### TASK TO COMPLETE:
Return, word for word, only the lines of the data below that lie between the line with "Mini Aluminum Tripod" and the line with "Спортивний костюм колір", those two lines included.

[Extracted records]
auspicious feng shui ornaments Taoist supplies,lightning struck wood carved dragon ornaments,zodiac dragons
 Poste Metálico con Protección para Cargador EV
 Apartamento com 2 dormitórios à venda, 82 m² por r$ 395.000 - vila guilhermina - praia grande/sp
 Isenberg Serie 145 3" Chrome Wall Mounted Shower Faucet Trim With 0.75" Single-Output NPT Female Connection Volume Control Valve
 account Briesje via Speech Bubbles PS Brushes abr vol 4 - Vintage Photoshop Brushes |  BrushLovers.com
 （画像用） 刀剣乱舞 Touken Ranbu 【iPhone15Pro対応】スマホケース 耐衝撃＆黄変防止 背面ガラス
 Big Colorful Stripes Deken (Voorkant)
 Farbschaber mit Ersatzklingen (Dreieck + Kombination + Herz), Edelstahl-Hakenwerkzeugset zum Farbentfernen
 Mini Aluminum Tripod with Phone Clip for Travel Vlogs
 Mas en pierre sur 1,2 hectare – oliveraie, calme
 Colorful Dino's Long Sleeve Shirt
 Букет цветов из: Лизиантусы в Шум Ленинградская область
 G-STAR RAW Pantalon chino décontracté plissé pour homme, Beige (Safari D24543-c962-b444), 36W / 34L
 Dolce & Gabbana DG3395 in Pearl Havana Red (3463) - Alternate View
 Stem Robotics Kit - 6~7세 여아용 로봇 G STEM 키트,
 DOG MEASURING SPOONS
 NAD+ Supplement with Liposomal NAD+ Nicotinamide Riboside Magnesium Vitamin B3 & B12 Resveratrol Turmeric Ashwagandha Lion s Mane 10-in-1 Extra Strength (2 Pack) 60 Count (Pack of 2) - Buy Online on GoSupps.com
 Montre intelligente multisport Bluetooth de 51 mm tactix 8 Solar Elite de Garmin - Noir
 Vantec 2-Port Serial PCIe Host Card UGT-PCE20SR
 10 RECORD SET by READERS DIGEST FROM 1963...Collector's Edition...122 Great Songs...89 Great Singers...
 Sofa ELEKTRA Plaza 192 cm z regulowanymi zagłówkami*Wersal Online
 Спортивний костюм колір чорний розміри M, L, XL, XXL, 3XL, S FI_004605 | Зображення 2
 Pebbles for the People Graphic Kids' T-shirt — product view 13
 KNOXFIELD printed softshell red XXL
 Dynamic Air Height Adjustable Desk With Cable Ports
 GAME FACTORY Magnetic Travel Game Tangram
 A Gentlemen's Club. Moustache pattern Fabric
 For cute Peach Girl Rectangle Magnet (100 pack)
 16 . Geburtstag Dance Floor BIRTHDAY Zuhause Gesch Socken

### FINAL ANSWER:
 Mini Aluminum Tripod with Phone Clip for Travel Vlogs
 Mas en pierre sur 1,2 hectare – oliveraie, calme
 Colorful Dino's Long Sleeve Shirt
 Букет цветов из: Лизиантусы в Шум Ленинградская область
 G-STAR RAW Pantalon chino décontracté plissé pour homme, Beige (Safari D24543-c962-b444), 36W / 34L
 Dolce & Gabbana DG3395 in Pearl Havana Red (3463) - Alternate View
 Stem Robotics Kit - 6~7세 여아용 로봇 G STEM 키트,
 DOG MEASURING SPOONS
 NAD+ Supplement with Liposomal NAD+ Nicotinamide Riboside Magnesium Vitamin B3 & B12 Resveratrol Turmeric Ashwagandha Lion s Mane 10-in-1 Extra Strength (2 Pack) 60 Count (Pack of 2) - Buy Online on GoSupps.com
 Montre intelligente multisport Bluetooth de 51 mm tactix 8 Solar Elite de Garmin - Noir
 Vantec 2-Port Serial PCIe Host Card UGT-PCE20SR
 10 RECORD SET by READERS DIGEST FROM 1963...Collector's Edition...122 Great Songs...89 Great Singers...
 Sofa ELEKTRA Plaza 192 cm z regulowanymi zagłówkami*Wersal Online
 Спортивний костюм колір чорний розміри M, L, XL, XXL, 3XL, S FI_004605 | Зображення 2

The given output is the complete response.